Interestingly, dogs have the instinct of distinguishing different types of grasses and their functions to their bodies. Wheatgrass, for instance, is known to be agents of digestion. Old historical records showed that a species called Cynosurus cristatus was coined as “dog-grass” due to its natural compatibility with dogs, especially when feeling sick. It is characterized as a type of grass with long jointed roots and small fibers. Its medicinal values are related to healing liver and gall obstructions as well as inflammations in the belly. The species’ seeds are also scientifically found out to be powerful on their own. Other species like Tricitum caninum (fiber-rich wheatgrass) and Agrotis Canina (brown grass) were also evidently consumed (Berdoe, 1950).

Not only that, in the social aspect of this mechanism, dogs’ sphere of influence converges from time to time in terms of the grass of choice through socialization. Dogs can behave in the healing process in such a way that they assist each other. In another social experiment, it was noted that puppies learned to eat grasses from observing their mother’s behaviors. This follows the natural course of animal growth in which the offspring’s actions are patterned from their descendants. Other factors that motivate dogs to consume grasses are yet to be found out, conversely.

Safety Precautions

With all these things under consideration, it is concluded that grasses are generally safe to be consumed by dogs. Of course, everything has to be taken in moderation; no health problems are associated with grasses mostly, but if you find your dog exhibiting unusual behaviors after consumption, professional advice must be heeded to find out if potential illnesses can be attributed to the consumption. Medical explanations must be paid attention to for proper administering of taking care of dogs.

In addition, it is also safe to know as pet owners the conditioning process of the surrounding plants. Questions like, “Was heavy spraying of pesticides or herbicides employed to these plants?” must be critically evaluated before allowing your dogs to chew on those grasses. Chemicals are known to have various side-effects upon consumption, even to humans in their daily food. Things like this must be treated as an important factor in the sustenance of a pet.

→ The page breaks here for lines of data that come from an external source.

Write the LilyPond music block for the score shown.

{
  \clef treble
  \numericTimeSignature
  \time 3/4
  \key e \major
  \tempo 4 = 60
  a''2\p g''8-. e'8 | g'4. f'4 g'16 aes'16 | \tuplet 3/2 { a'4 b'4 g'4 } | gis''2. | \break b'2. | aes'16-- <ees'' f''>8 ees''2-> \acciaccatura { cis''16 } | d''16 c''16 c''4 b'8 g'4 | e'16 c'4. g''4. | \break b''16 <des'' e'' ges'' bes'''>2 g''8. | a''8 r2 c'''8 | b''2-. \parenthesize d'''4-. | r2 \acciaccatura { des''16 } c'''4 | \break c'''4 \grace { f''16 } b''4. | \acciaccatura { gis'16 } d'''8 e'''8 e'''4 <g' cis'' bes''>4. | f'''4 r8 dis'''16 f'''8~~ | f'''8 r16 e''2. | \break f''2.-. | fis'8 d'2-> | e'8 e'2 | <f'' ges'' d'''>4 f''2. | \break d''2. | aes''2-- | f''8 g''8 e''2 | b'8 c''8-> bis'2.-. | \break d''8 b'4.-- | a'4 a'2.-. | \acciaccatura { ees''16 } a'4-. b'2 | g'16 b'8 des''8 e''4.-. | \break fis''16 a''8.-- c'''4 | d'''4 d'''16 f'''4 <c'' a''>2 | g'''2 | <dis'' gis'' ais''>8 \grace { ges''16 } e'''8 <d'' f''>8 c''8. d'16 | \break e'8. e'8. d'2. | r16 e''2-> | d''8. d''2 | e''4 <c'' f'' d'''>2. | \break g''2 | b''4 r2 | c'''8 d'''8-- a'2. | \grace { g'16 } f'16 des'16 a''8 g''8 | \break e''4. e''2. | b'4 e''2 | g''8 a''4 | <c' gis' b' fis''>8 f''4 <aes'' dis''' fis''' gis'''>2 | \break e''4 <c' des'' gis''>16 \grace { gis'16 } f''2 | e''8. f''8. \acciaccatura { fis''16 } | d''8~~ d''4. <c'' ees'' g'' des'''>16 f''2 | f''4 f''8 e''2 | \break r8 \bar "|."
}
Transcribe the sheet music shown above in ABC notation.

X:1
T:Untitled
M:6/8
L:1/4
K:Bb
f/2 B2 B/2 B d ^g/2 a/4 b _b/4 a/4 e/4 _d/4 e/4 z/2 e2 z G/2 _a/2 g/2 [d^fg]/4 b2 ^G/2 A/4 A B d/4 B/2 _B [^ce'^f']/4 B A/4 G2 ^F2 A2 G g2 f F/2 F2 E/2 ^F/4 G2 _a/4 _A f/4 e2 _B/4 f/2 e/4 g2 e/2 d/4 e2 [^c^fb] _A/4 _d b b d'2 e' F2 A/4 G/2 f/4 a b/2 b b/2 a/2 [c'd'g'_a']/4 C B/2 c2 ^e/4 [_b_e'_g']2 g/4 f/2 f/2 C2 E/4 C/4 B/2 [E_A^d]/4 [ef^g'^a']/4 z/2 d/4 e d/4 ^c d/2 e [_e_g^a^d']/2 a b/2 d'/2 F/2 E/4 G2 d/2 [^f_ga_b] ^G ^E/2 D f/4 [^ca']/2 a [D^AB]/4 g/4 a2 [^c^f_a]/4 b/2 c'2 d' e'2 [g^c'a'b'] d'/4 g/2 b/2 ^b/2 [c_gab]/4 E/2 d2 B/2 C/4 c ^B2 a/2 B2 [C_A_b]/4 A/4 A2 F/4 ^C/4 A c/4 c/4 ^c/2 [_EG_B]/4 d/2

Furthermore, to make sure plants consumed by dogs are free of undesirable chemicals, it is best to grow plants in your indoor sites for them to nibble anytime and supplement them readily with meats in their bowls. A vegetable buffet can be readily available then to your pets. Also, in this way, owners can instantly track any factors present if uncharacteristic behaviors are observed from pets. Eating such can be a clear indication that fibers are insufficient in their food, and as a constant companion, one should be especially wary of their diet and sustenance.

References

  • Becker, M., & Spadafori, G. (2007). Why Do Dogs Drink Out Of The Toilet? London: Orion Books.
  • Berdoe, E. (1950). The Origin and Growth of the Healing Art. Swan Sonneschein & Co.
  • Grogan, J. (2006). The Dog Behavior Answer Book: Practical Insights & Proven Solutions for Your Canine Questions. North Adams: Regent Publishing Services.
  • McGreevy, P. (2009). A Modern Dog’s Life. South Wales: University of New South Wales Press Ltd.
  • Volhard, J., & Volhard, W. (2005). Dog Training for Dummies. Hoboken: Wiley Publishing, Inc.